The Movie Waffler First Look Review - THE PIT | The Movie Waffler

First Look Review - THE PIT

the pit review
A young boy befriends an elderly man shunned by his rural community.

Review by Benjamin Poole

Directed by: Dace Puce

Starring: Damirs Onackis, Agata Buzek, Egons Dombrovskis, Indra Burkovska, Luize Birkenberga, Dace Eversa, Luize Birkenberga

the pit poster

The Pit, a Latvian coming of age drama directed and co-written by Dace Puce with Jana Egle and Monta Gagane, arrives with the prestige of being the country’s submission for Best International Feature Film at the forthcoming 94th Academy Awards.
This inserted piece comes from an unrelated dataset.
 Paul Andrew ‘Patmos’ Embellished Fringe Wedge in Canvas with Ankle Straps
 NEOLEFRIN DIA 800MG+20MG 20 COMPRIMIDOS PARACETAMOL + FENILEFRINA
And, accordingly, this review comes with a spoiler warning, because discussing the plot developments of this curious movie, and how it defers narrative information in order to confront prejudice, is vital to its evaluation. If you’re intrigued enough to see it spoiler free, then the headlines are that it's great, with potently natural performances and a canny way of reappraising the cliches of small-town bigotry. Who knows, it may even win that Oscar! Spoilers now follow...

the pit review

Markuss (Damir Onackis) is a 10-year-old boy who has been packed off to live in the sticks with his grandmother. An opening where a heavily populated church choir practices serves to connote the community: they are close knit, but beholden to rules and tradition. Markuss finds himself on the receiving end of this credo when the townsfolk discover that he’s lured a kid his age to fall into the titular pit, causing a minor panic when the girl was discovered missing and mass approbation when she was discovered unharmed. It is bad, you’d have to admit, tricking a small child into such a trap. But the somewhat understandable reasons for Markuss’ behaviour are kept vague, with Puce and her screenwriters not allowing us an easy resolution until much later in the film.
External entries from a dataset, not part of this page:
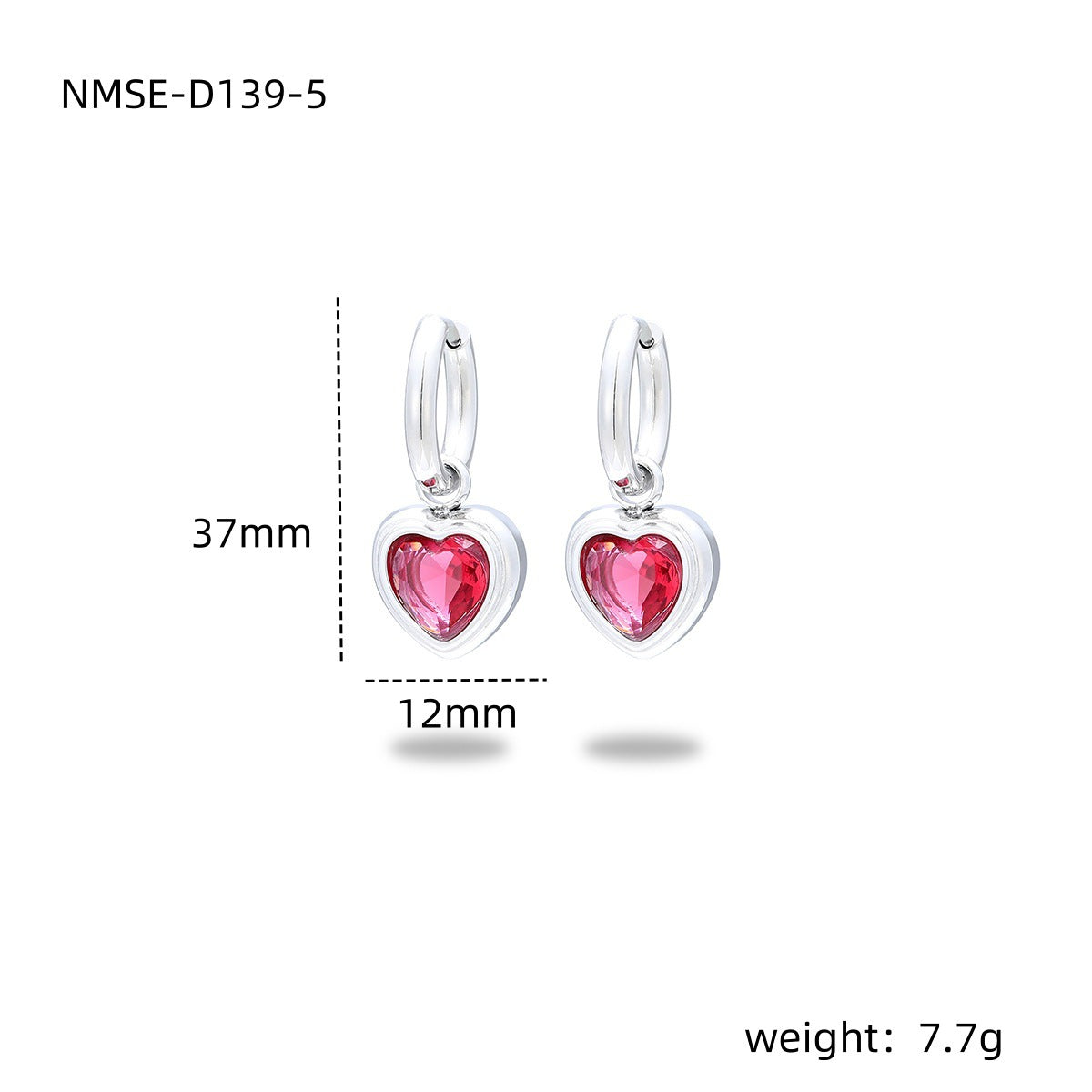 Fashion OL 18K Gold Plated Heart Shape Stainless Steel Earrings with Colorful Rhinestones for Women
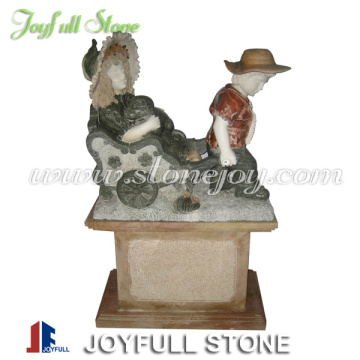 Boy and Girl Marble Garden Statue Carving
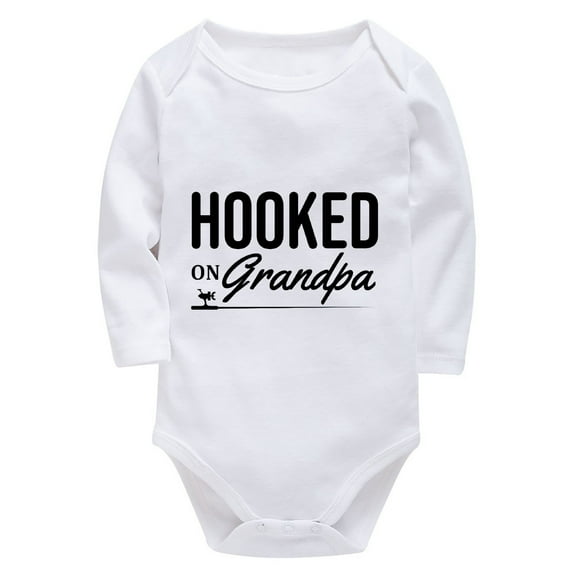 Hooked On Grandpa Infant Girl Outfits Long Sleeve Girls Onsie White Funny Baby Onsies0-3 Months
The plot’s non-linear skips are suggestive of the town itself, where secrets and suppressions from the past begin to destabilise the present. We see this with the character of Sailor (Indra Burkovska), an older man whom Markuss subsequently befriends. Ostensibly a town loner whose lachrymose nature is initially suggested by this old sea dog unable to take to the waves, we eventually find out that Sailor is a trans man, who grew up recognised as a girl.

the pit review

Sailor’s gender has gone down like the Titanic in this cold-hearted town. Initially Puce deliberately keeps the true nature of Sailor ambiguous, and we purposefully see him via Markuss’ standpoint: a shadowy adult, usually seen via the forced perspective of a neutral child. As it should be, of course, because what business is it of ours or anyone else’s who Sailor is? However, what could have been a pedestrian ‘all equal in the eyes of a child’ message becomes more than that in Puce’s hands, who takes care to develop the relationship between the ostracised characters, depicting with diligence the time they spend together as they construct a stained-glass mosaic.


The complexity is extended to the townspeople, whose homophobia is depicted with a sad authenticity (and it is homophobia in this instance; these rubes just haven’t got as far as transphobia yet. Sailor is deemed a ‘faggot’, which is an ironic recognition of his gender, I suppose). This is a depiction of a town afraid of itself, fatally suspicious of each other, and turning a blind eye to exactly the wrong sorts of social ills. They are a people confused, and repressed, and the sympathy which The Pit affords these poor imbeciles is far more valuable than a simple, blanket condemnation.

the pit review

Nevertheless, there is a domestic violence subplot where the denouement made me gasp in its jejune candour: but this is a minor misstep in this otherwise gorgeously produced film which you can look forward to curling up in. Like the varied aspects of the stained-glass window which Sailor and Markuss piece together, when The Pit catches the light the integrated pieces of its fragmented narrative shine.

The Pit is on Film Movement Plus from December 17th in the US. A UK/ROI release has yet to be announced.